The “she” seems to be Annalise whose husband’s body they dispose of. Going off of Wes’ and Annalise’s interactions last week, Annalise’s magnetic personality and the potential for something less than professional brewing between them, it seems likely that Wes could fall under her spell and want to protect her as he promises someone over the phone in the convenience store before rushing to a motel to see them. When “It’s Her Fault” dives deeper into Sam and Annalise’s relationship, it seems even more likely that Annalise has reason to want her husband dead. His past affair with a student fractured their relationship so completely that Annalise immediately suspects it again. Scrolling through Sam’s emails from Lila only reveals a very casual “L” as a signature, and after confronting Sam about it, the emails disappear. It’s a confirmation of her worst fears, that not only was Sam involved with her but that he may have killed her, too.

Annalise’s emotions are always hard to gauge just because they seem to clash so much with the image of herself she projects. Of course people have many sides, and Annalise is no exception but it’s still a jarring switch from ruthlessly questioning a witness in the courtroom to pleading with Nate to forgive her for putting him on the stand last week. It’s easy to hypothesize that perhaps Annalise is simply manipulating these people, but if that was the case I imagine she’d be more successful and her sad faces wouldn’t last so long after said people were gone. Her quickness to go to Nate and tell him about Sam indicates that she really is concerned though she could also be using this as a way to renew their relationship since Sam is obviously still unfaithful. But she returns home to sleep with her husband, turning her back and crying once it’s all over.

Throw in a case of the week about a husband perhaps brutally murdering his wife and it seems like Murder is going the route of Annalise killing Sam. Perhaps in self-defense after she discovers that he really did kill Lila or maybe just because she snaps and can’t stand to be with him, a cheater/murderer. But since nothing’s simple, we learn the client did kill his wife — his first one — though he isn’t guilty of killing the second, a victim of his daughter’s vendetta.
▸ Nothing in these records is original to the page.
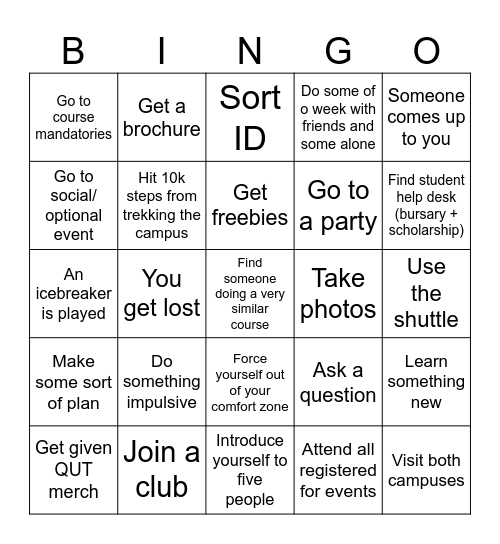 O WEEK UNI!! Bingo Card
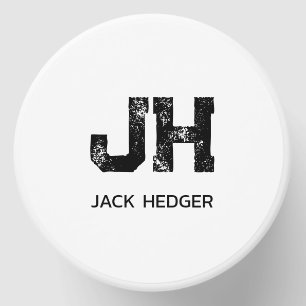 MINIMALIST BLACK TWO LETTER MONOGRAM NAME WHITE MINI CANDLE FAVORS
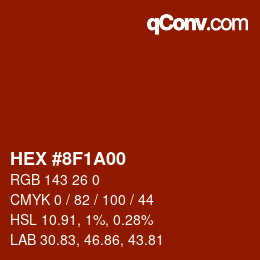 Color code: HEX #8F1A00 | qconv.com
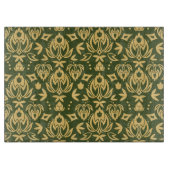 Hölzerner Blumendamastmusterhintergrund Schneidebrett (Vorderseite)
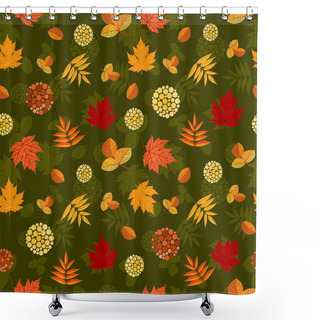 Personality  Luxuriant Seamless Pattern With Autumn Leaves Shower Curtains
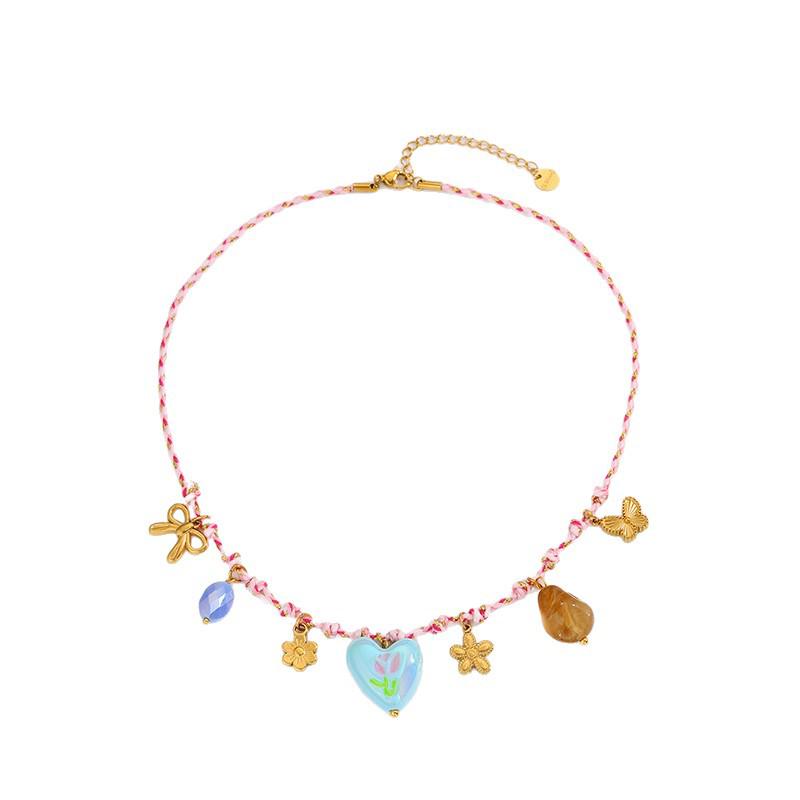 Богемный плетеный кулон-сердце на титановой стали для женщин
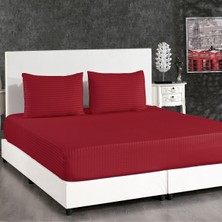 Alena Home Pamuklu 180X200 Çift Kişilik Çizgili Lastikli Çarşaf Seti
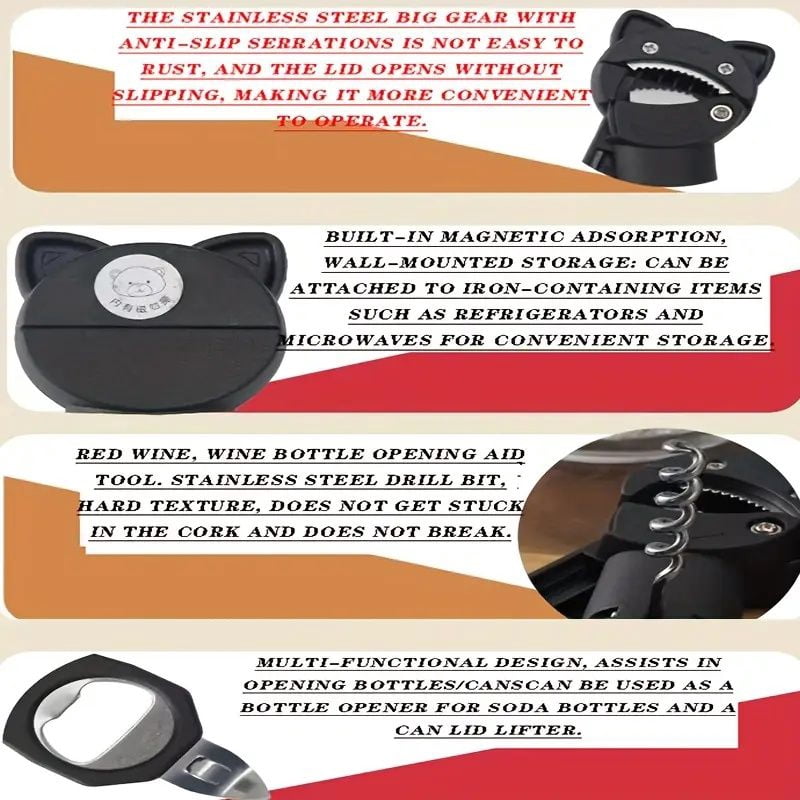 Retractable Magnetic Can Opener 4-in-1 5-in-1 Multifunctional Can And Bottle Opener, Ideal For Seniors With Arthritis Hand Weakness, Practical Kitchen Lid Opening Tool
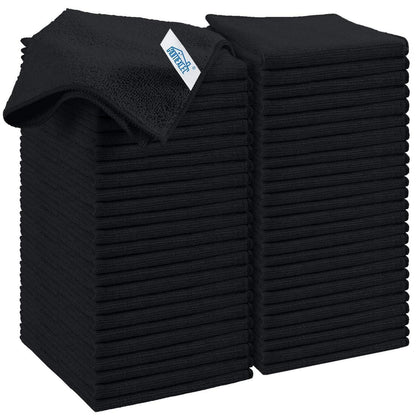 50x Mikrofaser Reinigungstücher Schwarz – Wiederverwendbar & Fusselfrei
As complicated as this is, it’s probably no less complicated than what actually befell Sam Keating.

There was no question of Rebecca Sutter having some involvement in it, not with Lila’s boyfriend marching out of her apartment in a rage, but Rebecca’s hardly mysterious. Sure, she’s mysterious, but it’s not a kind of mysteriousness that’s very original. She has piercings, works in a bar and doesn’t seem to gel with “the puppy”, but that’s all we know of her. But no one is what they seem, and Rebecca’s arrested (along with Lila’s boyfriend), suspected of having killed her and with long rap sheet of drug charges. And it’s not Annalise but Rebecca who Wes has sworn to protect, and who Michaela’s certain would convince Wes to sell them all out.

Stray Observations

  • Asher: “Maybe he’s her secret baby. Like she gave him up for adoption and he doesn’t even know.”
    Michaela: “Yeah because all black people are related.”
  • I’m pretty sure everyone loves Wes (even the client thinks he’d make beautiful babies with his daughter), and I’m wondering how long it will take them all to realize that he’s trouble.
  • Connor and Oliver (Conrad Ricamora) are really going places.
  • The case of the week had an interesting resolution. Annalise told her class earlier she didn’t care about her client’s guilt, and though their trial has him confessing to murdering his first wife, he’s still proven innocent on the second. And despite the enraged public, Annalise walks out of the courtroom with a smile on her face because she won.